*** Opening Data extracts ***
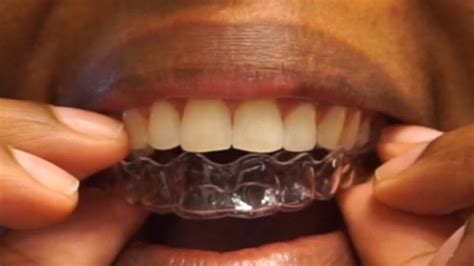 It S Here 2 Weeks Without A Retainer Before And After Life After Braces Youtube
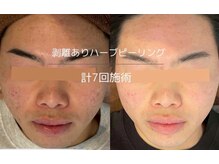 ライフサロン 別府(Life Salon)/ハーブピーリング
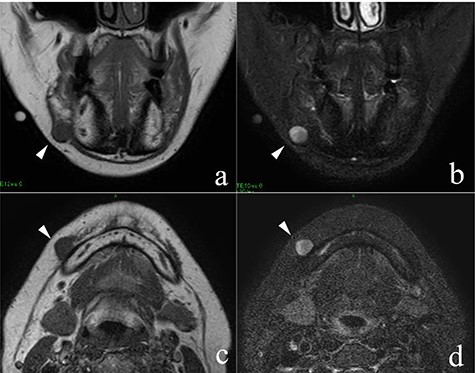 MRI findings; the arrowheads indicate the schwannoma; (a) low signal intensity on T1-weighted coronal image; (b) high signal intensity on T2-weighted coronal image; (c) low signal intensity on T1-weighted axial image; (d) high signal intensity on T2-weighted axial image.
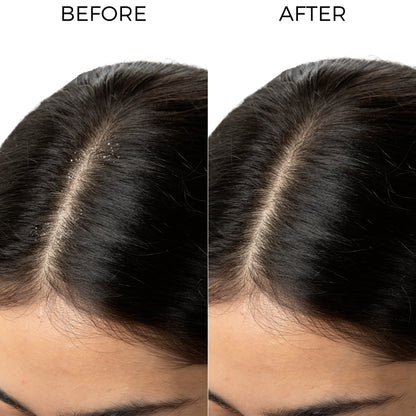 Tea Tree Anti Dandruff Shampoo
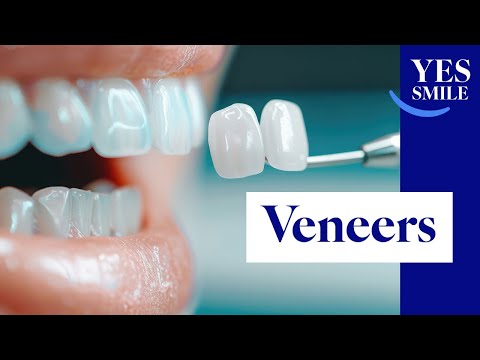 Veneer Behandlung erklärt: Alles, was Sie wissen müssen I YesSmile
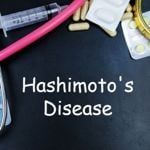 Hashimoto’s Disease: When Your Immune System Slows You Down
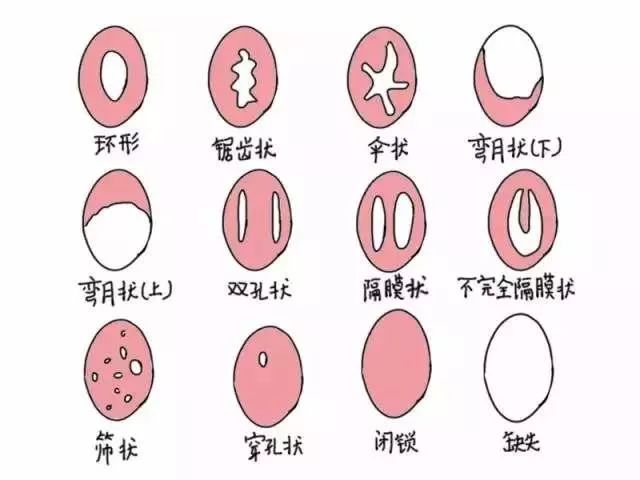 女生必知的10条妇科常识，最后一条特别重要！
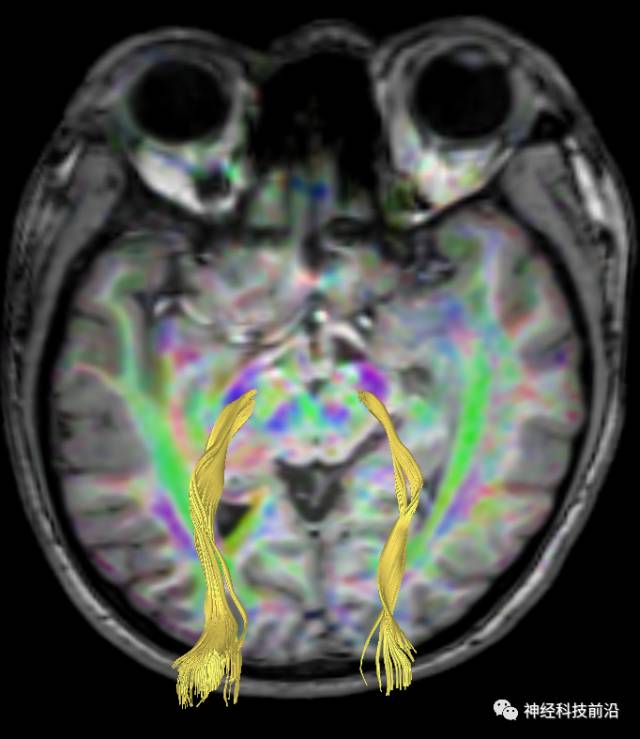 DWI序列脑干、内囊后肢高信号纤维束解析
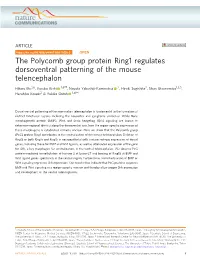 The Polycomb Group Protein Ring1 Regulates Dorsoventral Patterning Of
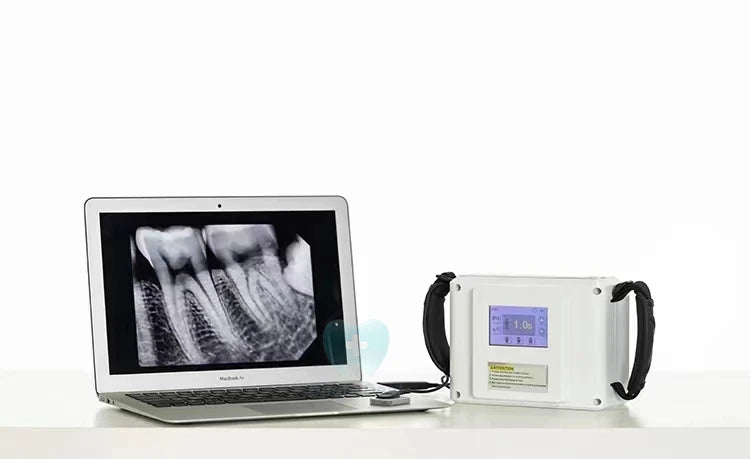 Wireles Portable Xray Machine Touch Screen Dentists Digital Ray images System portable Dentists  machine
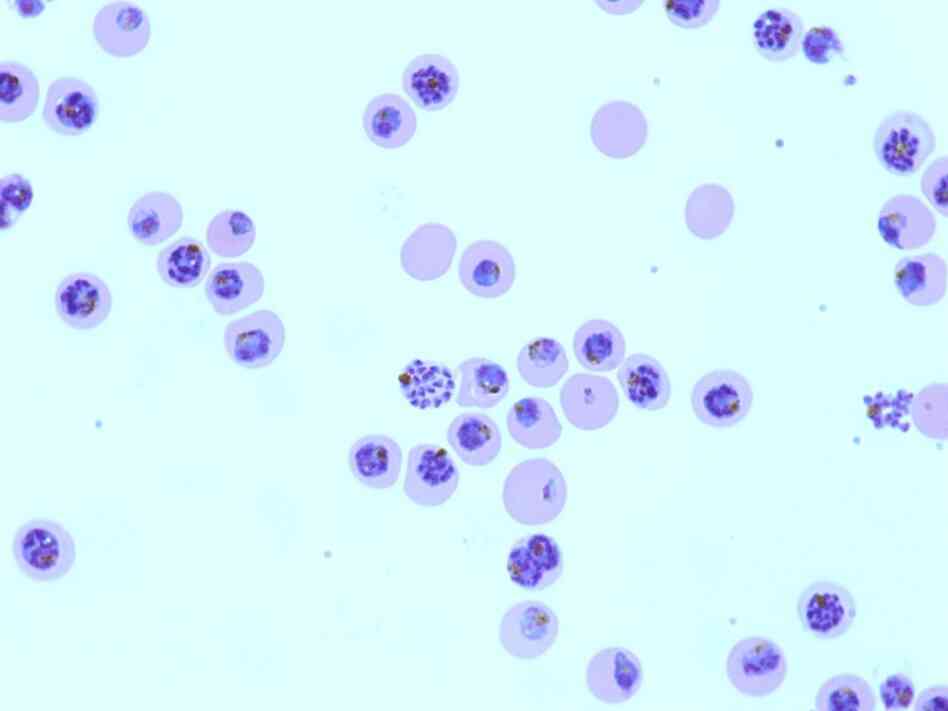 A micrograph shows red blood cells infected by the malaria parasite Plasmodium falciparum. A micrograph shows red blood cells infected by the malaria parasite Plasmodium falciparum.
*** Closing Data extracts ***
> **Task**: All of the records need to be restated word for word, but not the pictures.

> **Answer to this task**:
 It S Here 2 Weeks Without A Retainer Before And After Life After Braces Youtube
 ライフサロン 別府(Life Salon)/ハーブピーリング
 MRI findings; the arrowheads indicate the schwannoma; (a) low signal intensity on T1-weighted coronal image; (b) high signal intensity on T2-weighted coronal image; (c) low signal intensity on T1-weighted axial image; (d) high signal intensity on T2-weighted axial image.
 Tea Tree Anti Dandruff Shampoo
 Veneer Behandlung erklärt: Alles, was Sie wissen müssen I YesSmile
 Hashimoto’s Disease: When Your Immune System Slows You Down
 女生必知的10条妇科常识，最后一条特别重要！
 DWI序列脑干、内囊后肢高信号纤维束解析
 The Polycomb Group Protein Ring1 Regulates Dorsoventral Patterning Of
 Wireles Portable Xray Machine Touch Screen Dentists Digital Ray images System portable Dentists  machine
 A micrograph shows red blood cells infected by the malaria parasite Plasmodium falciparum. A micrograph shows red blood cells infected by the malaria parasite Plasmodium falciparum.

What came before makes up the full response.